Your task is to transcribe the data exactly while omitting each picture.

§ **SUPPLIED INFORMATION**
▬▬▬▬▬▬▬▬▬▬
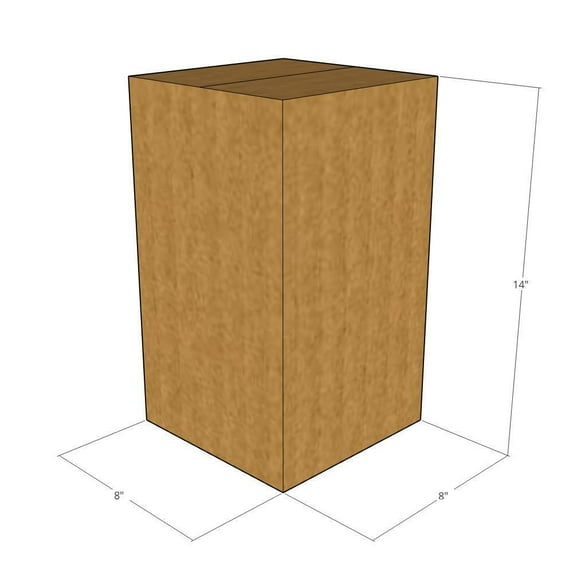 8x8x14 Kraft Brown Corrugated Shipping Boxes, 32 ECT Single-Wall, Qty 15
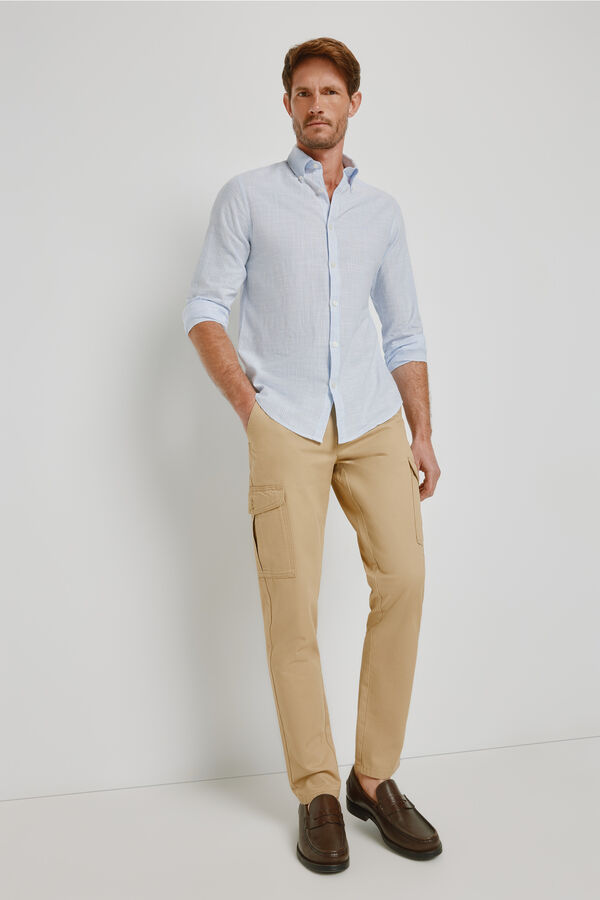 Milano Camisa de riscas de manga comprida Marinho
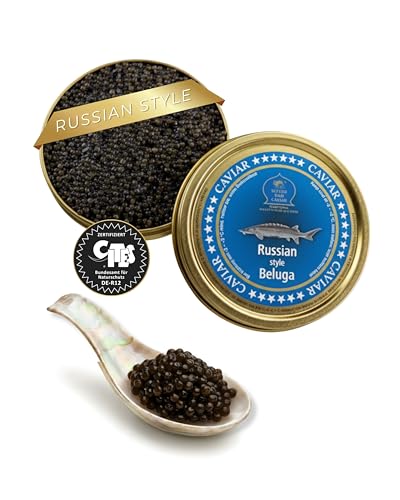 SEPEHR DAD CAVIAR Russian Style Beluga Kaviar 250 g I mittelgroßes Korn 2 93 3 mm I Beluga-Caviar aus nachhaltiger Aquakultur I mild & cremig-sahnig I exklusiver Stör Kaviar in Premiumqualität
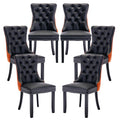 PU and Velvet Upholstered Dining Chairs with Solid Wood Legs Q68908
▬▬▬▬▬▬▬▬▬▬
§ **EXERCISE ANSWER**
 8x8x14 Kraft Brown Corrugated Shipping Boxes, 32 ECT Single-Wall, Qty 15
 Milano Camisa de riscas de manga comprida Marinho
 SEPEHR DAD CAVIAR Russian Style Beluga Kaviar 250 g I mittelgroßes Korn 2 93 3 mm I Beluga-Caviar aus nachhaltiger Aquakultur I mild & cremig-sahnig I exklusiver Stör Kaviar in Premiumqualität
 PU and Velvet Upholstered Dining Chairs with Solid Wood Legs Q68908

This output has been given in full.